The Sinclair (later Sinclair-Lockhart) Baronetcy of Stevenson in the County of Haddington, is a title in the Baronetage of Nova Scotia. It was created on 18 June 1636 for John Sinclair of Stevenson, with remainder to his heirs male whatsoever. The third Baronet was a Baron of the Exchequer and member of the Privy Council of Scotland. The fourth Baronet married Martha, daughter and eventual heiress of Sir John Lockhart of Castlehill, a Lord of Session under the judicial title of Lord Castlehill. The eighth Baronet was an Admiral in the Royal Navy. On the death in 1899 of his son, the ninth Baronet, the title passed to a descendant of James Sinclair, younger son of the fifth Baronet, who in 1764 had inherited the Lockhart estates and assumed the surname of Lockhart. The tenth Baronet was a major general in the British Army and assumed the additional surname of Lockhart. The eleventh Baronet was the son of George Duncan Lockhart (whose grandfather had assumed the surname of Lockhart in lieu of his patronymic), another descendant of James, younger son of the fifth Baronet.
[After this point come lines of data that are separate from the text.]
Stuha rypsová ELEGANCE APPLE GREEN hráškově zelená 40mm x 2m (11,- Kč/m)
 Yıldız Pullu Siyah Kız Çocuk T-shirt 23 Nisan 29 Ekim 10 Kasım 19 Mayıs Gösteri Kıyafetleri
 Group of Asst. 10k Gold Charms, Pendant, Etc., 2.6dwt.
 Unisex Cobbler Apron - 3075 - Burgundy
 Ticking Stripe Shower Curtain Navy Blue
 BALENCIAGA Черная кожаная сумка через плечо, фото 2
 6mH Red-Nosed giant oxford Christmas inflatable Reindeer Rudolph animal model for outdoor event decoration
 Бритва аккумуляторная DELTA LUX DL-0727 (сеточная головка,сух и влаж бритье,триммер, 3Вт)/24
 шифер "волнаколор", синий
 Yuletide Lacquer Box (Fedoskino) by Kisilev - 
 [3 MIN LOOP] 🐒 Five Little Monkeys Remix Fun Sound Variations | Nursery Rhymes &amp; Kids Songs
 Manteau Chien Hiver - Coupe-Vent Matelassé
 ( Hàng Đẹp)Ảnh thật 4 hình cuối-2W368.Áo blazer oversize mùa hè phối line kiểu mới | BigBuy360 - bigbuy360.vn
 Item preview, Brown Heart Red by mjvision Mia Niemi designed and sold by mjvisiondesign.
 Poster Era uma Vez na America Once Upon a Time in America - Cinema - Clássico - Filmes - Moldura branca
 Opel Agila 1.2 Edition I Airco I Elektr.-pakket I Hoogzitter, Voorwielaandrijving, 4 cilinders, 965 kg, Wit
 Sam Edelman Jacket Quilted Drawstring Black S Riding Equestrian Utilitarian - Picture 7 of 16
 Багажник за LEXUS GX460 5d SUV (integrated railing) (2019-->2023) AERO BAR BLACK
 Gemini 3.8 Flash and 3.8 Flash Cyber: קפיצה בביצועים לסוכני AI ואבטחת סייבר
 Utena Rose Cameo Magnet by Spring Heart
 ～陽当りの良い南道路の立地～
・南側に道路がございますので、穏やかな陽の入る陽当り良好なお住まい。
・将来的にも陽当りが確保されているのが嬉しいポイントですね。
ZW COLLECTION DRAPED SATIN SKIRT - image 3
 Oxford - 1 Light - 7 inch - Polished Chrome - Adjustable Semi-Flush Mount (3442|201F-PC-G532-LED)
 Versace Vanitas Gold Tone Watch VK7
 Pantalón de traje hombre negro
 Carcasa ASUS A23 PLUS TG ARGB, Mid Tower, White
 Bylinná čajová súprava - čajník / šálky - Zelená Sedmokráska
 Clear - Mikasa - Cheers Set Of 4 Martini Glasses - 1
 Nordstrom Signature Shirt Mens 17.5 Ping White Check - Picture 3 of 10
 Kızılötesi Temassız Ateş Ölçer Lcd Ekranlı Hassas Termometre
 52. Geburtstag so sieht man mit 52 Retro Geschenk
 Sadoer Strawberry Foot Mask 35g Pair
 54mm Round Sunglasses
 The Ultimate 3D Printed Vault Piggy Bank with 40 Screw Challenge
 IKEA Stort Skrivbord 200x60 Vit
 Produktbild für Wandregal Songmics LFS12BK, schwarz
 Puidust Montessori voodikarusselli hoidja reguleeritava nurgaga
==Sinclair, later Sinclair-Lockhart, baronets of Stevenson (1636)==
- Sir John Sinclair, 1st Baronet (died 1649)
- Sir John Sinclair, 2nd Baronet (1642–1652)
- Sir Robert Sinclair, 3rd Baronet (1643–1713)
- Sir John Sinclair, 4th Baronet (died 1726)
- Sir Robert Sinclair, 5th Baronet (died 1754)
- Sir John Sinclair, 6th Baronet (died 1789)
- Sir Robert Sinclair, 7th Baronet (died 1795)
- Sir John Gordon Sinclair, 8th Baronet (1790–1863)
- Sir Robert Charles Sinclair, 9th Baronet (1820–1899)
- Sir Graeme Alexander Sinclair-Lockhart, 10th Baronet (1820–1904)
- Sir Robert Duncan Sinclair-Lockhart, 11th Baronet (1856–1919)
- Sir Graeme Duncan Power Sinclair-Lockhart, 12th Baronet (1897–1959)
- Sir John Beresford Sinclair-Lockhart, 13th Baronet (1904–1970)
- Sir Muir Edward Sinclair-Lockhart, 14th Baronet (1906–1985)
- Sir Simon John Edward Francis Sinclair-Lockhart, 15th Baronet (born 1941)

The heir apparent is the present holder's son James Lachlan Sinclair-Lockhart (born 1973).